▸ **What you need to do**: Below are records; quote them exactly from the first line through the line that contains "7 Piece Garden".

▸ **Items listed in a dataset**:
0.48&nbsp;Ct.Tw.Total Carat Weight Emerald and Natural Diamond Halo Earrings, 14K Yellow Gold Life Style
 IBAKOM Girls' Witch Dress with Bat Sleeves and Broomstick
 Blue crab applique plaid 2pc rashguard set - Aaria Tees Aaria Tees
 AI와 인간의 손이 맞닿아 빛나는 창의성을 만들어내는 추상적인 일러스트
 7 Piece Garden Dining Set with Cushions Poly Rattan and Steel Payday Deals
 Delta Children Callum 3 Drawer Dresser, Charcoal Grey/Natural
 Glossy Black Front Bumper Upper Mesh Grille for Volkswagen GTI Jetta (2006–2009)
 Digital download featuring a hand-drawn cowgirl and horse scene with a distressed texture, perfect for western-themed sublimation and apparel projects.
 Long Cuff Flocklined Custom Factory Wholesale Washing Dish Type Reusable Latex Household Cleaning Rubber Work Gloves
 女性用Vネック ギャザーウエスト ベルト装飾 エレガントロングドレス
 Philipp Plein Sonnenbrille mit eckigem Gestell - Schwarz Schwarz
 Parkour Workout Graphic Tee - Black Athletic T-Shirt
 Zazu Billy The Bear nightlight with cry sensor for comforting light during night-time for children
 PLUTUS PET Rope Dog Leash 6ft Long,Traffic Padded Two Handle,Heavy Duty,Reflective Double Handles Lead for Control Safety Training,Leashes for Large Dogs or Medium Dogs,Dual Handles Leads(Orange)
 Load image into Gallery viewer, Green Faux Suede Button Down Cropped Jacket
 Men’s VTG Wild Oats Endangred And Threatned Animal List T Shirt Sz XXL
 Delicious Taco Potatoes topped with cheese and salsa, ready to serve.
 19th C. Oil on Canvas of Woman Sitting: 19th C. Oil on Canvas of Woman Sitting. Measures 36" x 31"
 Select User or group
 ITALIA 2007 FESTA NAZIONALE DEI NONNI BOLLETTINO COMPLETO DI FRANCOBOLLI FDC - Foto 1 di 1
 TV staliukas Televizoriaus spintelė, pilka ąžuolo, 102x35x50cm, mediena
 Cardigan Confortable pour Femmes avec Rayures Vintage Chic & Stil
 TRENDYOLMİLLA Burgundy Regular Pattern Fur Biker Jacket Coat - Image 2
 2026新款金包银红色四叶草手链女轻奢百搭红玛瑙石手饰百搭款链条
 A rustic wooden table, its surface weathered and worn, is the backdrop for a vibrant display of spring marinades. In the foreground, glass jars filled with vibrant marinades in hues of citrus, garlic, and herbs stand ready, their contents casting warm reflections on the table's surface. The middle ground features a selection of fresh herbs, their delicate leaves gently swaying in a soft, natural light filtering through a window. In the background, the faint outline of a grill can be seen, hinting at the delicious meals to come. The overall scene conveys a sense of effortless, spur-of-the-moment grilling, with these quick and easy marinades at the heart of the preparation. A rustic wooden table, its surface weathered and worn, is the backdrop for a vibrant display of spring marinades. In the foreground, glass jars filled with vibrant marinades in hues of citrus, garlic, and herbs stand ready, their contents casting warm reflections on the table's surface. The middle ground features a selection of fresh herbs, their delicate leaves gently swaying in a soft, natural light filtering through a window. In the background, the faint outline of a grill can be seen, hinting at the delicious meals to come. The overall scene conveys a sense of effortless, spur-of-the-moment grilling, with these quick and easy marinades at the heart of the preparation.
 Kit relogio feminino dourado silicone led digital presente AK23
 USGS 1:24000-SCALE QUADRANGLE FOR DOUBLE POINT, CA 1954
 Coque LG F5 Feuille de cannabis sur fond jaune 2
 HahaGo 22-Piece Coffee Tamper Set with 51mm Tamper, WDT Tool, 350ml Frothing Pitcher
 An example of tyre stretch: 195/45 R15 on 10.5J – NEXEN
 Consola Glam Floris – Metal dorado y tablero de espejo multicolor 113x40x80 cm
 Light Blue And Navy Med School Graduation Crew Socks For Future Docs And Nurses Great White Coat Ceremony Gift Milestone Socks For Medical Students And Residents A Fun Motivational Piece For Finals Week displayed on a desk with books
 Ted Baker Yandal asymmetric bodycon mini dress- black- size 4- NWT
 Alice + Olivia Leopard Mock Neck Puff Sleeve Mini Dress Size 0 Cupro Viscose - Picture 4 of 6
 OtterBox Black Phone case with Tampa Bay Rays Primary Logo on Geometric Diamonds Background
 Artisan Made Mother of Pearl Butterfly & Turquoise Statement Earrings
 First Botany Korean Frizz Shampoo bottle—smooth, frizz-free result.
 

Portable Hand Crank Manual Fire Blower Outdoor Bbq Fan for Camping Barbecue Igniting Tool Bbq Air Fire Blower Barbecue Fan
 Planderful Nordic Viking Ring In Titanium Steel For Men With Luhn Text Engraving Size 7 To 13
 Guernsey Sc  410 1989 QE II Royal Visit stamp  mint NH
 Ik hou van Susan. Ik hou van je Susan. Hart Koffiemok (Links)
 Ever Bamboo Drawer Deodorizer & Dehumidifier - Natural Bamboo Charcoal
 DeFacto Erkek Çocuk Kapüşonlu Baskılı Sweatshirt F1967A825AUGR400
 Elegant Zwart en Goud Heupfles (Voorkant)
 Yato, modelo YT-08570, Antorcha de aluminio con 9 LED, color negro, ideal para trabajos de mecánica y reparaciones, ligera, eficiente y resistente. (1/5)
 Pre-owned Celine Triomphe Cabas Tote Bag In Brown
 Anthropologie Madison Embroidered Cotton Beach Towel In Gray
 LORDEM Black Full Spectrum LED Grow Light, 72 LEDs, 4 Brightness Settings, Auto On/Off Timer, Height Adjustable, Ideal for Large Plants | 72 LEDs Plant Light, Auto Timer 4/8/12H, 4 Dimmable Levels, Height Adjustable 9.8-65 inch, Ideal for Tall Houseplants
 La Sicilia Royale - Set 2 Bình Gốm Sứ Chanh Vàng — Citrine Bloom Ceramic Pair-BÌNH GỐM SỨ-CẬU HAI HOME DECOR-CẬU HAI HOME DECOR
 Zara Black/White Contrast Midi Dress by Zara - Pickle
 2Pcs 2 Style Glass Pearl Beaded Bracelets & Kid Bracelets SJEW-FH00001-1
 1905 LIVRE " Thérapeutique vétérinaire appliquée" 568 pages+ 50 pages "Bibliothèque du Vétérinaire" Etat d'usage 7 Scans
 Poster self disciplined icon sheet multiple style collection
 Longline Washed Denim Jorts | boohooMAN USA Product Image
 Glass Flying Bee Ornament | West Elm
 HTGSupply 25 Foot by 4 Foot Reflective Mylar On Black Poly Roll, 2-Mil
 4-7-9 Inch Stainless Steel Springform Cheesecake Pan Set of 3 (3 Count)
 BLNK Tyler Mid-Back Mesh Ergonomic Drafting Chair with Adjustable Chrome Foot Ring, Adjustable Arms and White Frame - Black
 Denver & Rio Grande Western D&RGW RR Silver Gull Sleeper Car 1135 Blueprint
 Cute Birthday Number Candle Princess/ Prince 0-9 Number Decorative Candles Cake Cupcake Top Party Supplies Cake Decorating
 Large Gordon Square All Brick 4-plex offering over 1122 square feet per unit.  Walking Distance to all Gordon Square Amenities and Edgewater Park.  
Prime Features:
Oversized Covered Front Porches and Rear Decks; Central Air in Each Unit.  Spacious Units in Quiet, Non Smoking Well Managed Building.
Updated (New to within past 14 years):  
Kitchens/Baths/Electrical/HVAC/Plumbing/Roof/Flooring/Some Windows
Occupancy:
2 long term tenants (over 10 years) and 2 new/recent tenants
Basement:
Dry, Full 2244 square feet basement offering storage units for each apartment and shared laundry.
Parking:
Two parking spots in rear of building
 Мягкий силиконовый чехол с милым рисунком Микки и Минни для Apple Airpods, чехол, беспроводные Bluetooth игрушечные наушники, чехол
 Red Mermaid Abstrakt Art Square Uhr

▸ **Output of the exercise**:
0.48&nbsp;Ct.Tw.Total Carat Weight Emerald and Natural Diamond Halo Earrings, 14K Yellow Gold Life Style
 IBAKOM Girls' Witch Dress with Bat Sleeves and Broomstick
 Blue crab applique plaid 2pc rashguard set - Aaria Tees Aaria Tees
 AI와 인간의 손이 맞닿아 빛나는 창의성을 만들어내는 추상적인 일러스트
 7 Piece Garden Dining Set with Cushions Poly Rattan and Steel Payday Deals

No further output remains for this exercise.